Stored items:
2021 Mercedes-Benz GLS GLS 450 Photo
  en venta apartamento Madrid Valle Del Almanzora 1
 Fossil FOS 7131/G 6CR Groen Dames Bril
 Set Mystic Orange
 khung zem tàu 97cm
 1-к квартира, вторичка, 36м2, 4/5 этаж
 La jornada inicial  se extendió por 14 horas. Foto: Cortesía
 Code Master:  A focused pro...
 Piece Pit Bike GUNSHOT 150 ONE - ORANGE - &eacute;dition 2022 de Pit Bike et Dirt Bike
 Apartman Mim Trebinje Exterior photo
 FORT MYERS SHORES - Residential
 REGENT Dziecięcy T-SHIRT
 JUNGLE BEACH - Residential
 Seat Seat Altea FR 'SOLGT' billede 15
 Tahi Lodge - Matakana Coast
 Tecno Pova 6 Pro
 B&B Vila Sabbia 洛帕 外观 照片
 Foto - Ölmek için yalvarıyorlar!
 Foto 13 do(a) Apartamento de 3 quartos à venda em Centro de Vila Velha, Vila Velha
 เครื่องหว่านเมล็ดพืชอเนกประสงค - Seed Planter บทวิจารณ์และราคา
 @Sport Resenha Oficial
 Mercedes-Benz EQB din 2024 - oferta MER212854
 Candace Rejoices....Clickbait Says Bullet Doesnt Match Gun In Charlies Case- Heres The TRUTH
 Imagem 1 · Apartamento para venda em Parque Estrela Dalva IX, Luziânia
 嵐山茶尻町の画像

[TASK OBJECTIVE]
When the line with "1-к квартира, вторичка, 36м2, 4/5 этаж" is reached in the data above, start copying there, and copy each line exactly until the line with "Foto 13 do(a)" has been copied; copy nothing else.

[TASK RESPONSE]
 1-к квартира, вторичка, 36м2, 4/5 этаж
 La jornada inicial  se extendió por 14 horas. Foto: Cortesía
 Code Master:  A focused pro...
 Piece Pit Bike GUNSHOT 150 ONE - ORANGE - &eacute;dition 2022 de Pit Bike et Dirt Bike
 Apartman Mim Trebinje Exterior photo
 FORT MYERS SHORES - Residential
 REGENT Dziecięcy T-SHIRT
 JUNGLE BEACH - Residential
 Seat Seat Altea FR 'SOLGT' billede 15
 Tahi Lodge - Matakana Coast
 Tecno Pova 6 Pro
 B&B Vila Sabbia 洛帕 外观 照片
 Foto - Ölmek için yalvarıyorlar!
 Foto 13 do(a) Apartamento de 3 quartos à venda em Centro de Vila Velha, Vila Velha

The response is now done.